Exercise materials |
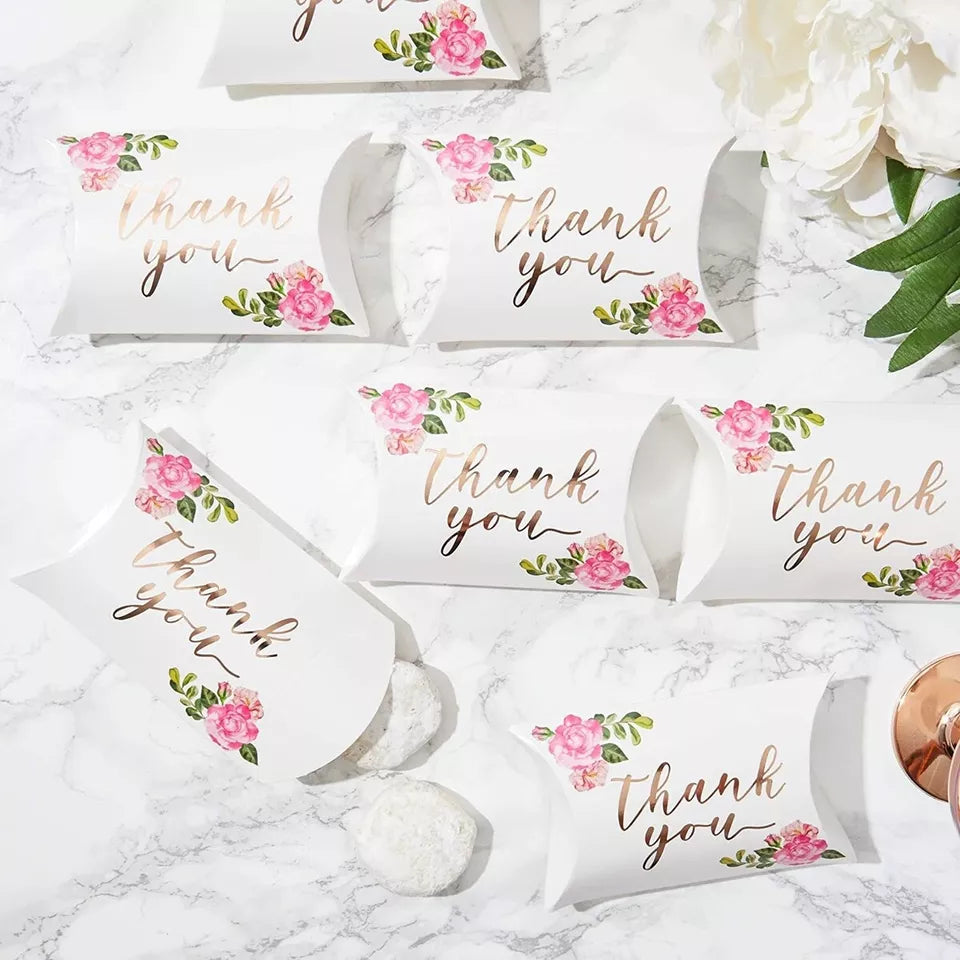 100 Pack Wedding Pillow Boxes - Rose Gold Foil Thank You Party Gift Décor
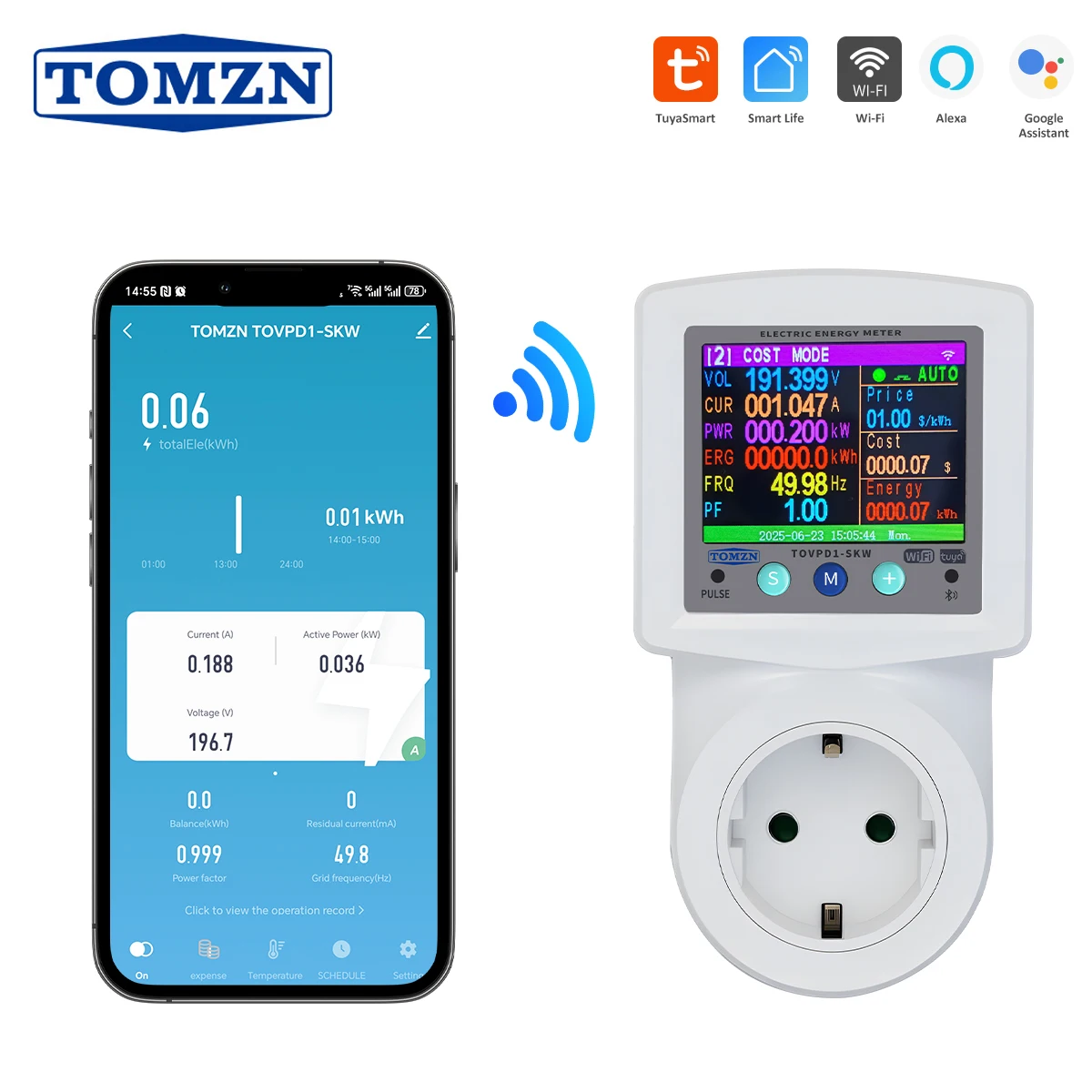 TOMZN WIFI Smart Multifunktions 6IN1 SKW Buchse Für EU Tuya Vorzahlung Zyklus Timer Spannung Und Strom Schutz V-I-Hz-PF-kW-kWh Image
==
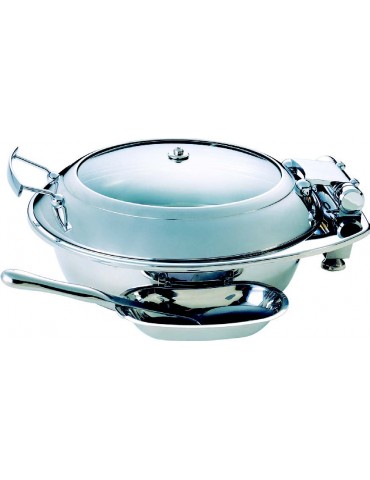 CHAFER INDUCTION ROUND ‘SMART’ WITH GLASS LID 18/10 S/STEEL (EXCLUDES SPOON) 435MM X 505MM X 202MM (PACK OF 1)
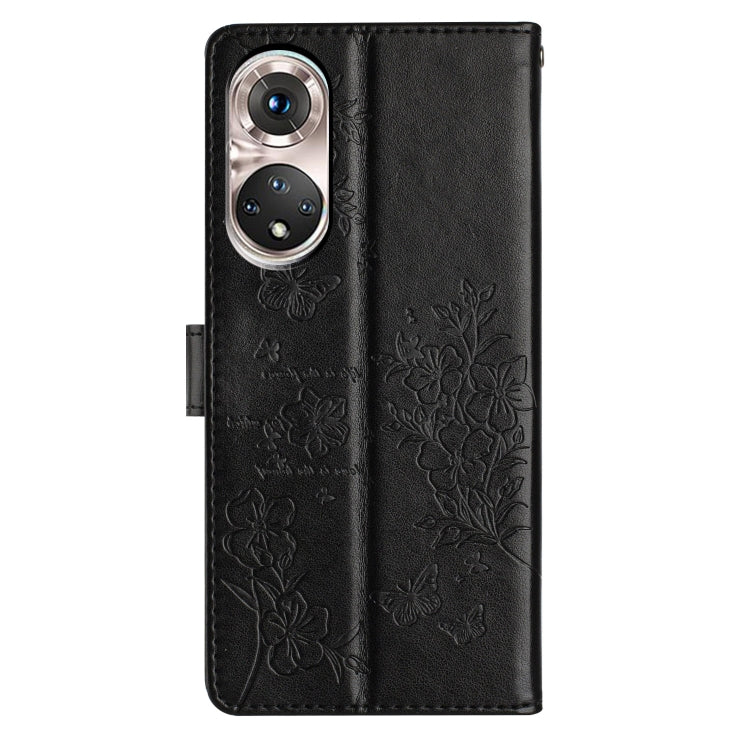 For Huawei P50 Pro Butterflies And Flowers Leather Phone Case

Assignment |
Would you give again, exactly, the lines in the data above that run from the line containing "100 Pack Wedding" to the line containing "TOMZN WIFI Smart"? Include both ends and no pictures.

The answer |
 100 Pack Wedding Pillow Boxes - Rose Gold Foil Thank You Party Gift Décor
 TOMZN WIFI Smart Multifunktions 6IN1 SKW Buchse Für EU Tuya Vorzahlung Zyklus Timer Spannung Und Strom Schutz V-I-Hz-PF-kW-kWh Image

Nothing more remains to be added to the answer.